What these two Swedish academics were really saying was that when the rate of self-employment in the country is high, the rate of billionaire entrepreneurs is lower. When they compared for correlation between the presence of billionaire entrepreneurs and the rate of self-employment in a country, they came to a surprising conclusion: countries with many successful entrepreneurs had lower rates of self-employment.

But this doesn’t mean that you are not an entrepreneur if you start a business. Surely, this is rubbish. It got me thinking about what is the definition of an entrepreneur. I like this one from Investopedia, “An individual who, rather than working as an employee, runs a small business and assumes all the risk and rewards of a given business venture, idea, or good or service offered for sale. The entrepreneur is commonly seen as a business leader and innovator of new ideas and business processes.”

What you think about this definition?

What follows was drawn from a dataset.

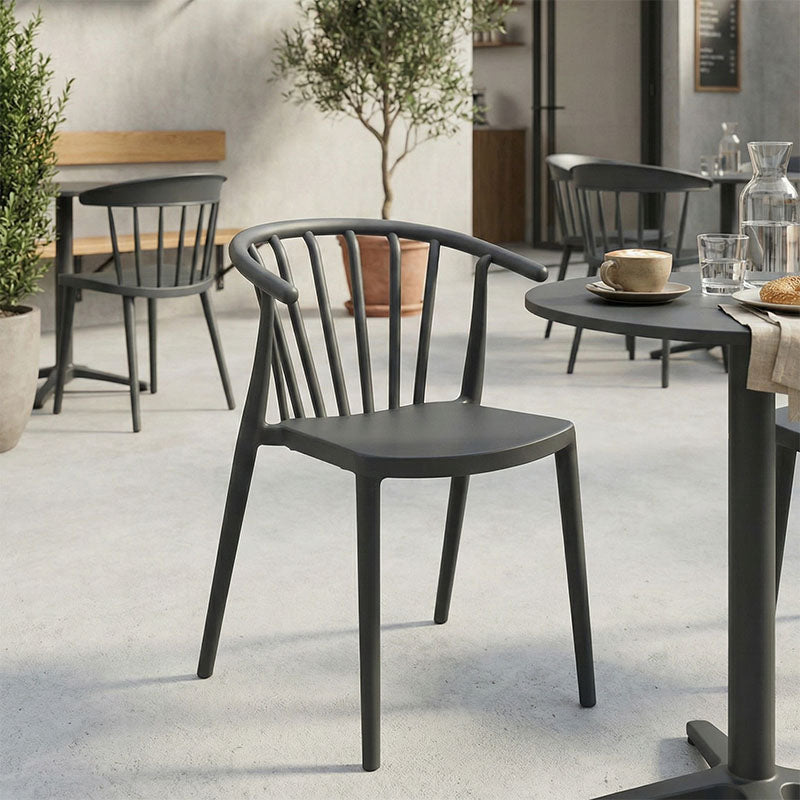 Zelma Anthracite Garden Armchair (73 cm)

Does it really get to what really makes an entrepreneur? Do you feel that what you are doing or plan to do fits in this definition of an entrepreneur?

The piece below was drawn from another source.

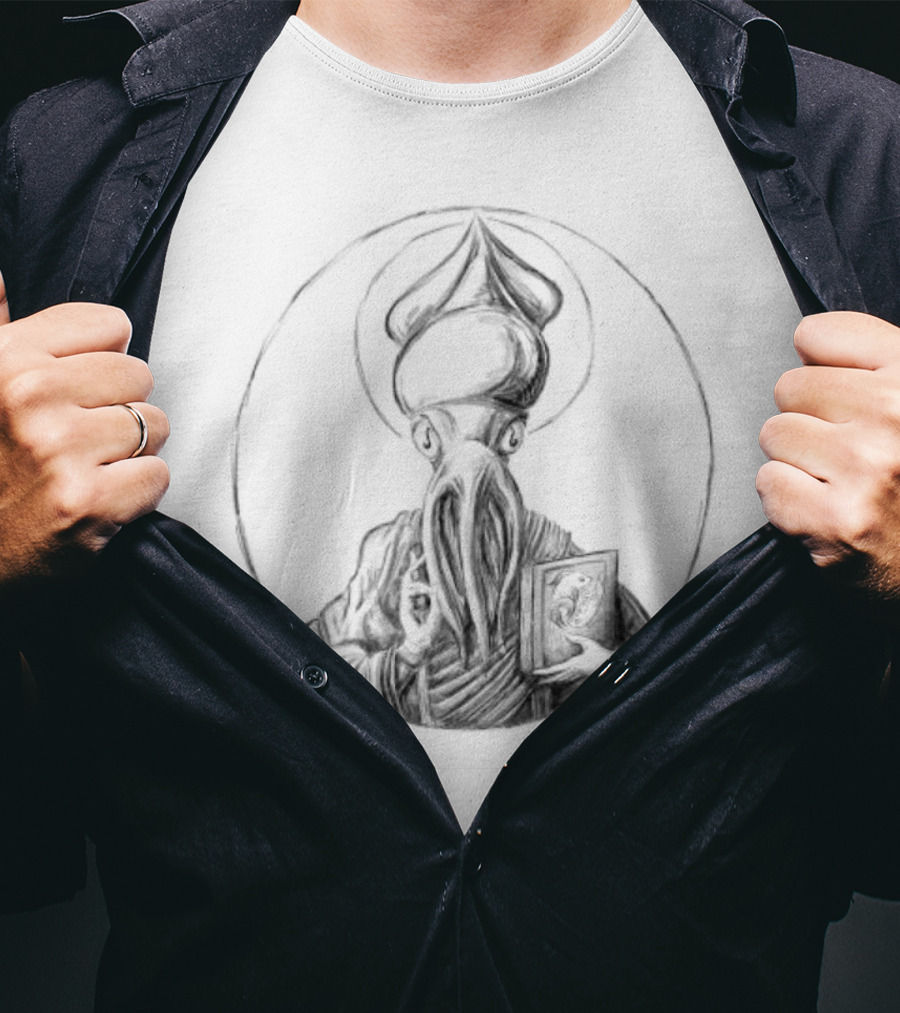 Squid Jesus Holy Icon Tentacle T-Shirt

I don’t think it’s very helpful to separate people into huge camps – the one being non-entrepreneurial and the other entrepreneurial. Some people while not being full-time entrepreneurs, show a lot of entrepreneurial behaviour. You also have the case where an entrepreneur may call themselves that but when you look at their business and the way they are going about it hardly looks or seems entrepreneurial.

Some people have even made lists of entrepreneur characteristics. While these characteristics can be helpful, not everyone applies to a so-called “entrepreneur”. It’s just like describing an albatross. You could come up with a whole list of characteristics about an albatross – that it is a bird with the largest wingspan of any birds, that it is an oceanic bird and that it travels in the air a lot. But does this really describe an albatross? Does this tell you what it does? An albatross opportunistically scans the ocean for food, which mainly comprises small fish, and hunts for its food by catching these fish in its beak when they are unaware.

The researchers into entrepreneur characteristics highlight things such as being a “visionary”, “starts more than one business”, “often bristles under authoritarian figures” and has a “high need for achievement (recognition). All of this sounds sensible. But doesn’t really tell you what an entrepreneur does? An entrepreneur identifies or finds an opportunity or problems in the market. I don’t know about you, but what I think stands out also is that an entrepreneur knows how to commercialise an opportunity. This is not some brainless activity but requires sophistication of thought because the entrepreneur has to use resources (skills, people, money, equipment) to make his or her opportunity a reality. But not only that; it also has to make money.

For me, when I look at the list of entrepreneur characteristics, the one that stands out is “highly creative”. Yes, it’s not the only characteristic that’s important but when you look at all the decisions that need to be made in identifying a viable opportunity and turning it into a business, there are many new ideas that are required and ways in which to make things work that requires generative or lateral thinking. In my book starting anything that makes money, makes you an entrepreneur. The reason: you’ve used your creativity to find a way to make money.